Ook de overige in artikel 6a, tweede lid, aanhef en onder a, OLW van overeenkomstige toepassing verklaarde weigeringsgronden staan niet in de weg aan overname van de tenuitvoerlegging van de in Polen opgelegde vrijheidsstraffen.
Uit de hiervoor onder 5 weergegeven Nederlandse kwalificatie volgt dat de opgelegde vrijheidsstraffen niet de toepasselijke Nederlandse wettelijke strafmaxima overstijgen. De opgelegde sancties zijn naar hun aard niet onverenigbaar met Nederlands recht. Voor een aanpassing van de opgelegde vrijheidsstraffen overeenkomstig artikel 6a, derde tot en met vijfde lid, OLW is daarom geen plaats.
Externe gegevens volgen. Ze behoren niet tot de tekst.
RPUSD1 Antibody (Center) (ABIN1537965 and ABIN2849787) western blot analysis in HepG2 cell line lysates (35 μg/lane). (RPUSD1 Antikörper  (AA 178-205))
De rechtbank concludeert op grond van het voorgaande dat de tenuitvoerlegging van de opgelegde vrijheidsstraffen kan worden overgenomen. Zij is dan ook bevoegd om de overlevering overeenkomstig artikel 6a, eerste lid, OLW te weigeren. In het onderhavige geval ziet zij geen aanleiding om af te zien van de uitoefening van die bevoegdheid.
De rechtbank zal daarom de overlevering weigeren en gelijktijdig de tenuitvoerlegging van die vrijheidsstraffen in Nederland bevelen. Daarbij zal de rechtbank op grond van artikel 27, vierde lid, OLW de gevangenhouding van de opgeëiste persoon tot aan de tenuitvoerlegging van die vrijheidsstraffen bevelen.